## ASSIGNMENT
From the line containing "Antrader 1/5 Inch" through the last line of the records below, output every line exactly, both ends included, except the pictures.

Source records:
◇ ◇ ◇ ◇ ◇ ◇ ◇

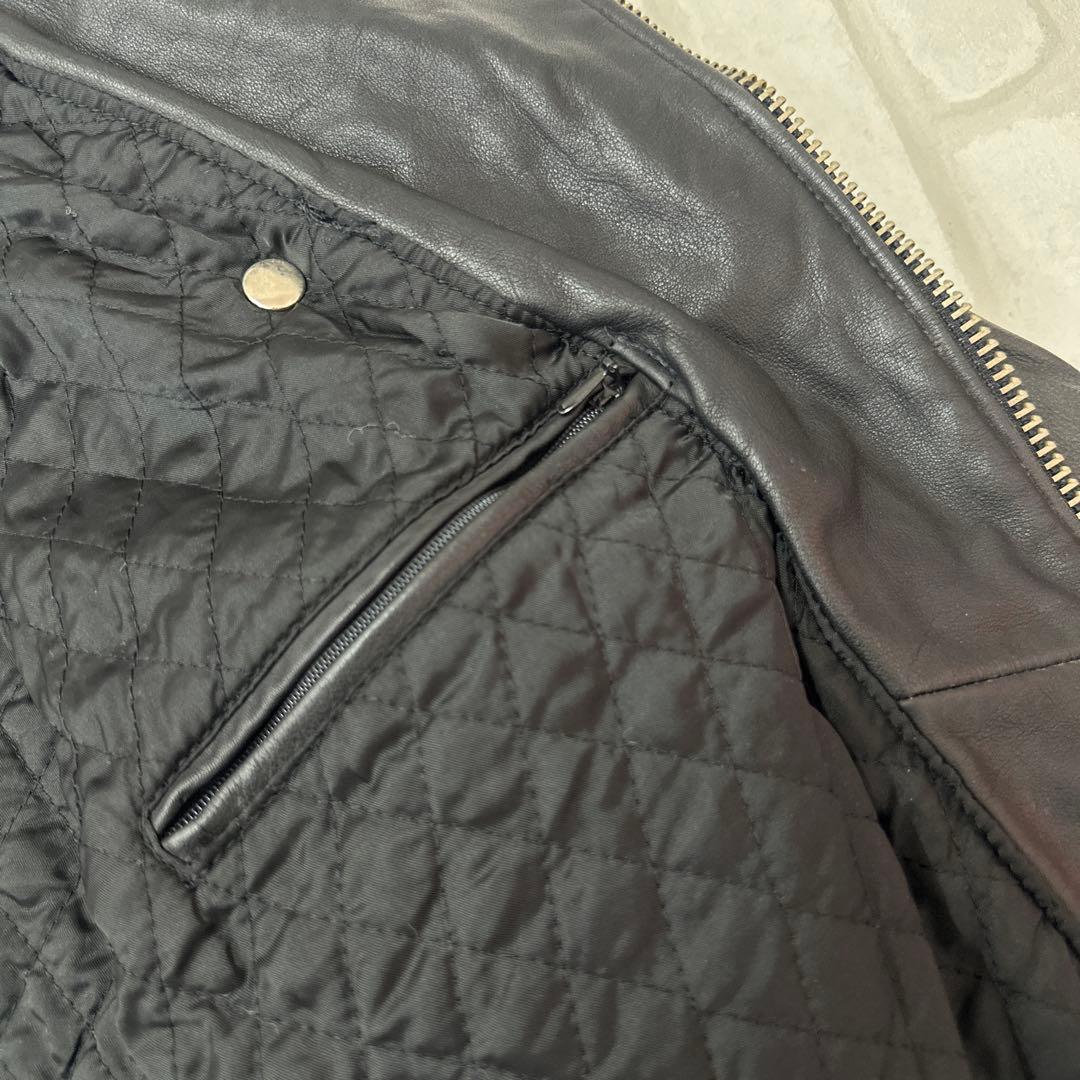 値下げ TIME & TIDE 牛革 レザー ダブル ライダース ジャケット L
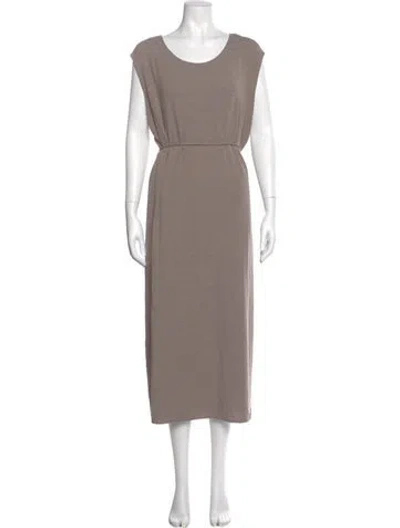 Pre-owned Leset Scoop Neck Long Dress In Brown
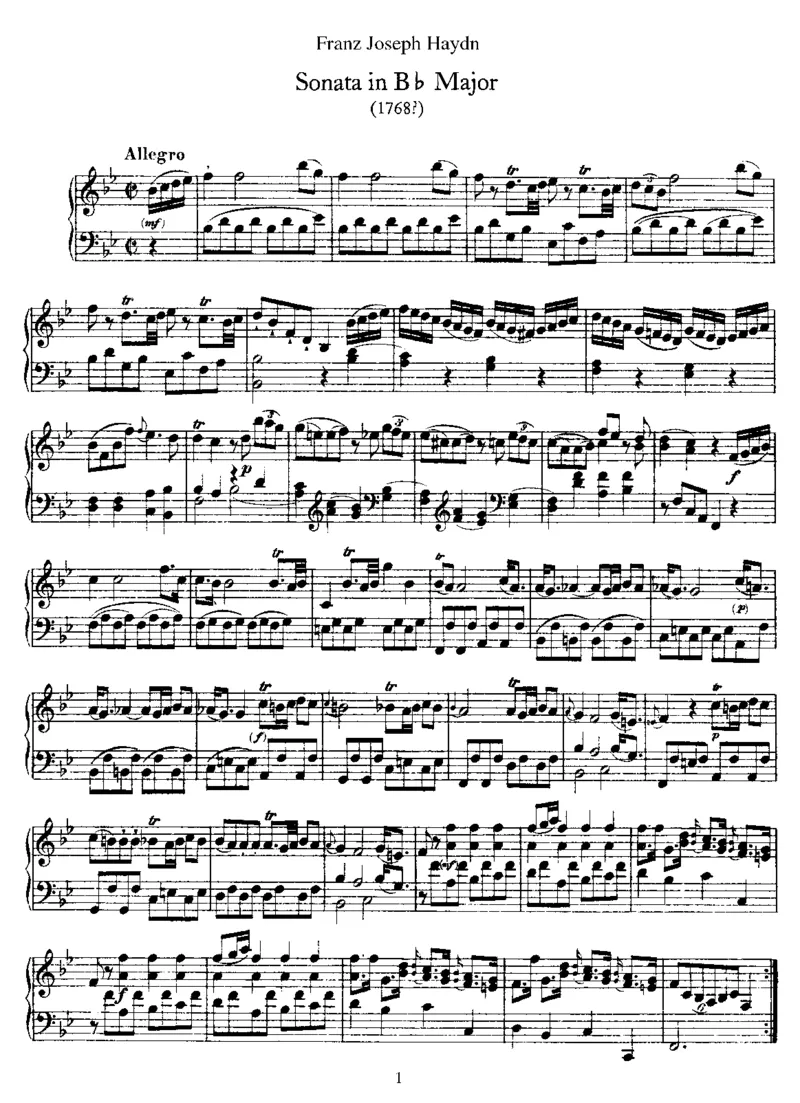 PianoSonataNo17inBb_NoRestriction_一万首著名钢琴曲谱哈农贝多芬合集视频教学电子版高清无水印可打印_1古典钢琴知名音乐家谱_海顿钢琴谱全集_奏鸣曲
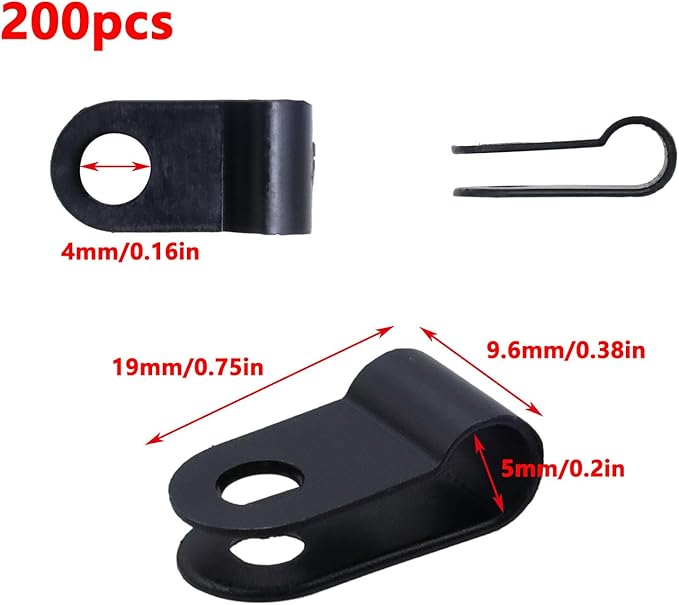Antrader 1/5 Inch Rope Light Clips with Stainless Steel Screws,200Pcs Nylon Screw Mounting Cord Fastener Clips for 1/5 Inch Diameter Wire Management,Black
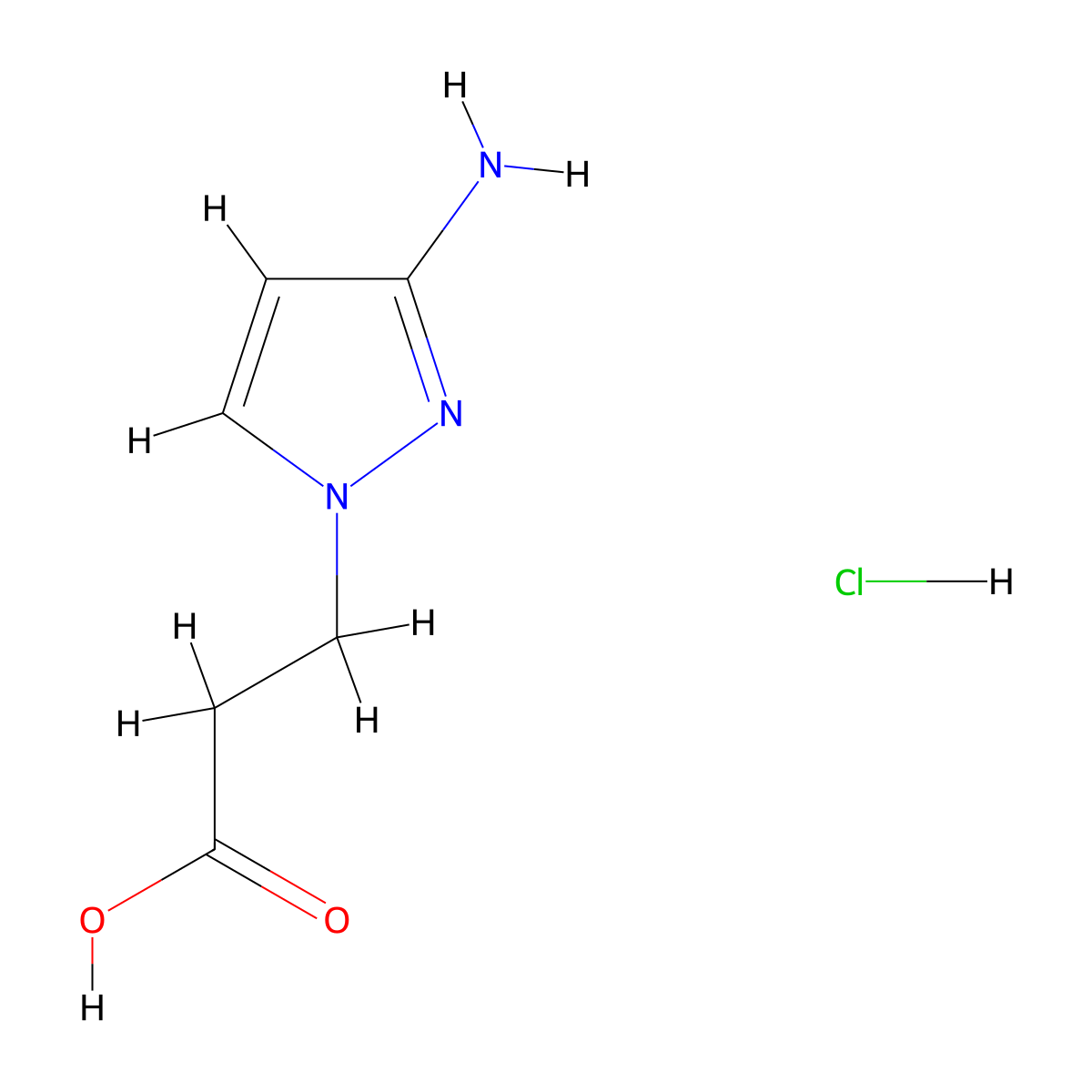 3-(3-Amino-1H-pyrazol-1-yl)propanoic acid hydrochloride molecular structure, CAS 1432031-89-4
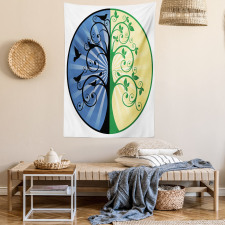 Ying Yang Tree Asian Tapestry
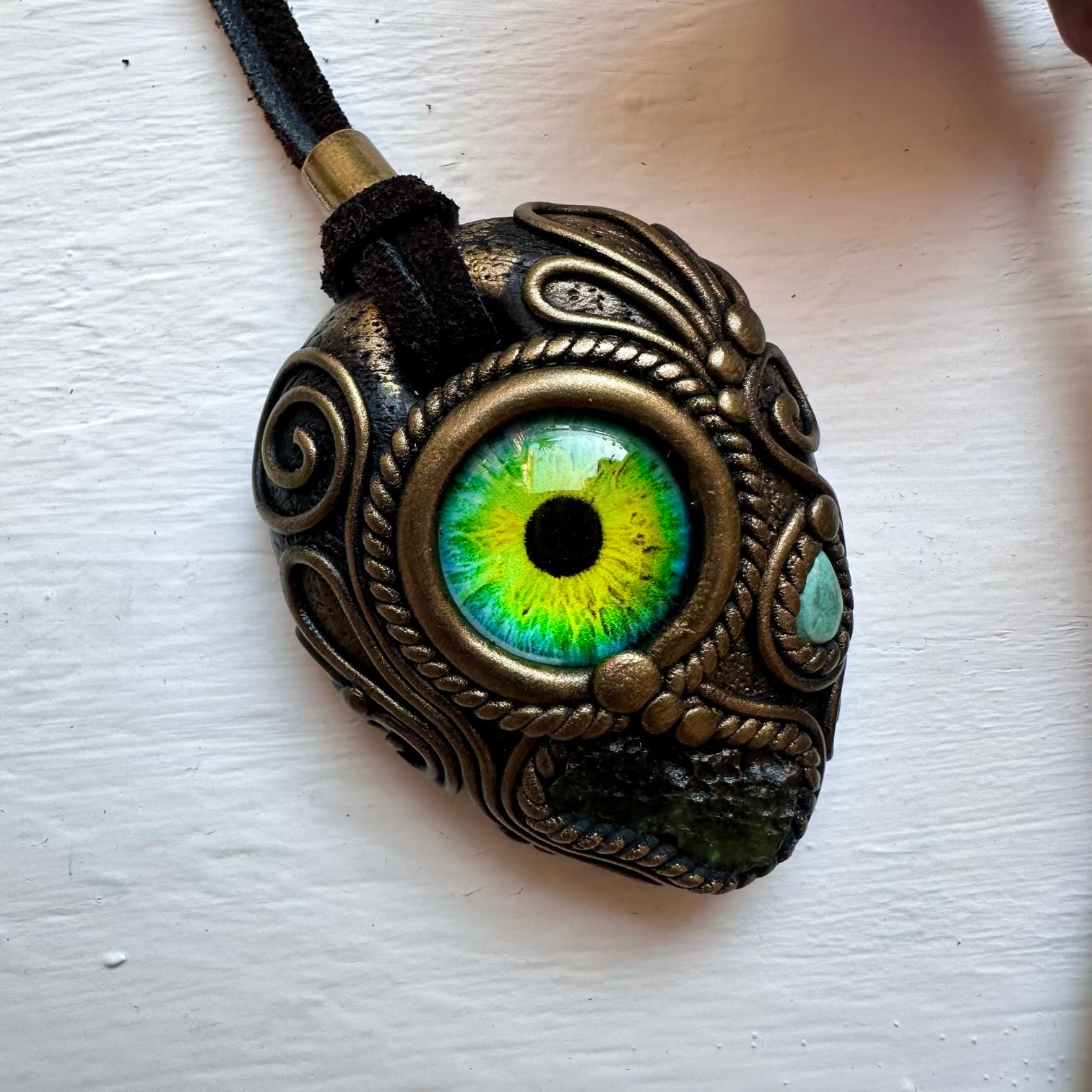 Moldavite and Tibetan Turquoise Eye Necklace - FairyGardenGlow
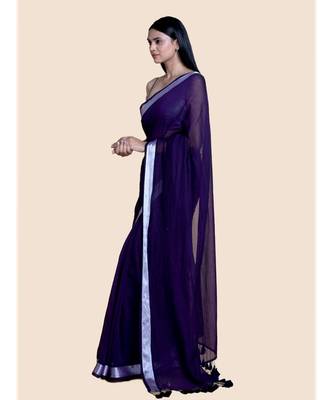 Voilet And Zari Border Cotton Handloom Saree 2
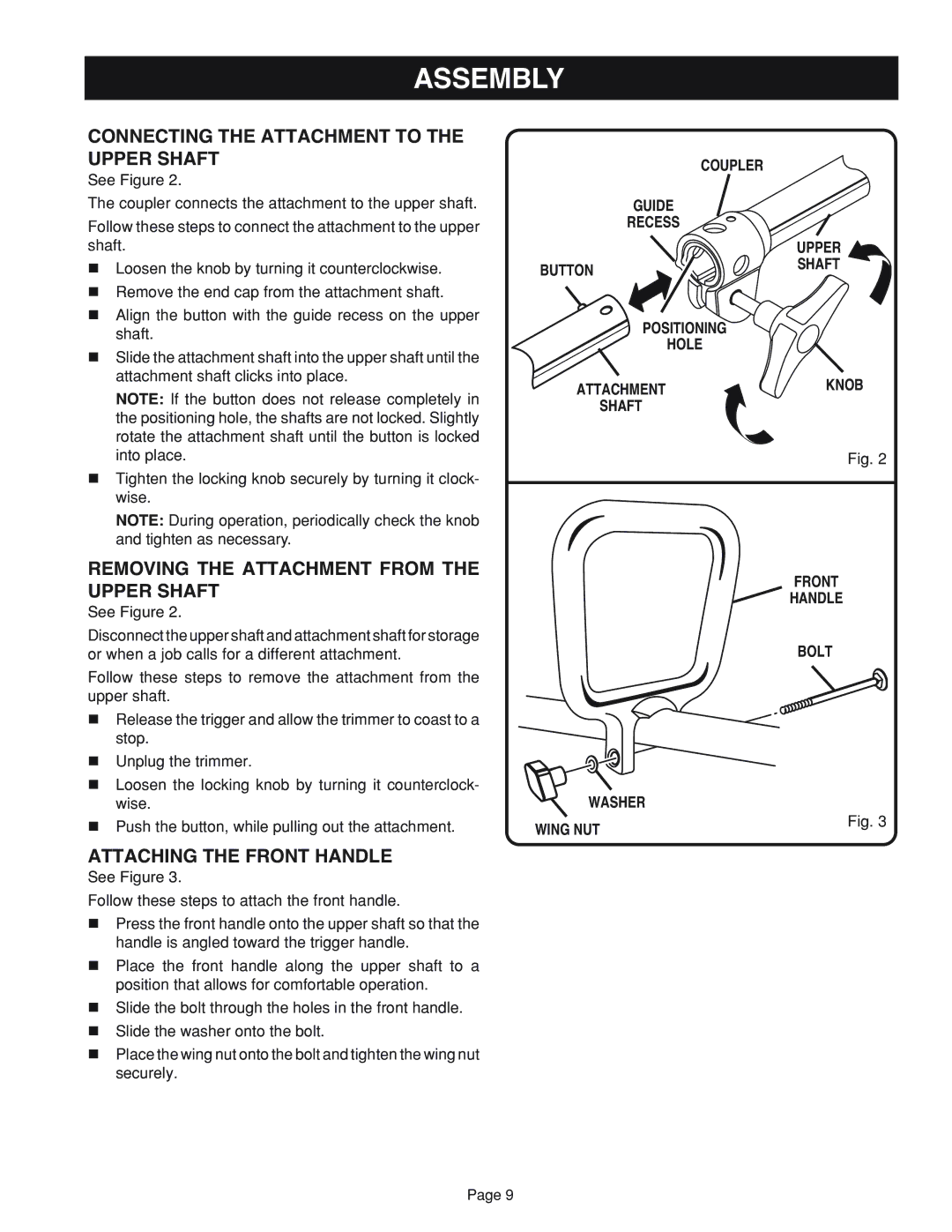 Ryobi RY41002 manual Assembly, Connecting the Attachment to the Upper Shaft, Removing the Attachment from the Upper Shaft 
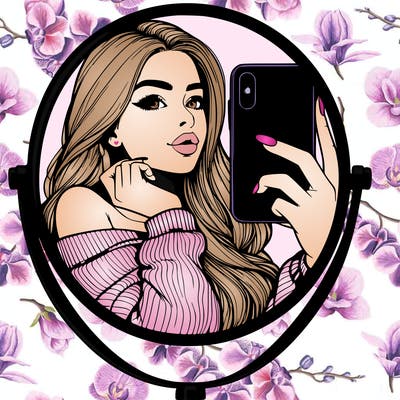 realistic girl taking mirror selfie beautiful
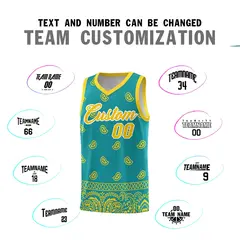 Aqua Gold Cashew Pattern Team Basketball Jersey 4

◇ ◇ ◇ ◇ ◇ ◇ ◇

## ANSWER SECTION
Antrader 1/5 Inch Rope Light Clips with Stainless Steel Screws,200Pcs Nylon Screw Mounting Cord Fastener Clips for 1/5 Inch Diameter Wire Management,Black
 3-(3-Amino-1H-pyrazol-1-yl)propanoic acid hydrochloride molecular structure, CAS 1432031-89-4
 Ying Yang Tree Asian Tapestry
 Moldavite and Tibetan Turquoise Eye Necklace - FairyGardenGlow
 Voilet And Zari Border Cotton Handloom Saree 2
 Ryobi RY41002 manual Assembly, Connecting the Attachment to the Upper Shaft, Removing the Attachment from the Upper Shaft 
 realistic girl taking mirror selfie beautiful
 Aqua Gold Cashew Pattern Team Basketball Jersey 4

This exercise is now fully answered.